The next day he comes in and he is feeling better and he is raving about the "homemade chicken noodle soup" that his wife made him.

P1 It was the best, it was the best homemade chicken noodle soup that I have ever had.

Me I thought you went to the store and bought a can of soup?

P1 I did and ***** (wife) made it for me, it was the best. It was homemade.

Me And it came from a can?

P1 Yeah, it said it was homemade on the can.

P2 Was it the kind that you have to add water to?

P1 No, you open the can and heat it up, its homemade.

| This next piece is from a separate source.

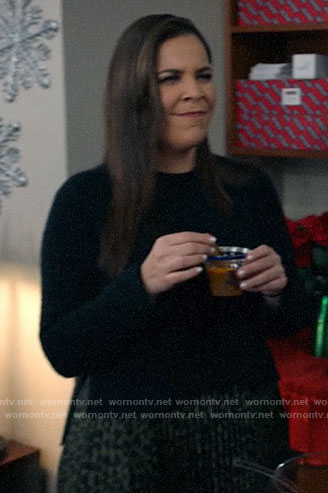 Sara's black sweater and leopard print pleated skirt on All Rise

It was the best.

P2 So she heated up a can of soup in the microwave and that makes it homemade?

P1 No she heated it on the stove, its homemade, it says so on the can, besides if you heat it in the microwave its not homemade.

Me But it still says homemade on the can whether you microwave it or not.

P1 Well, she doesnt know how to use the microwave so everything we eat is homemade.


----------



## spiderqueen (Aug 31, 2009)

..................

Just wow.


----------



## stick (Apr 2, 2009)

Oh what can you say.


----------



## bfjou812 (Jun 6, 2008)

Simply amazing!!! LMAO!!


----------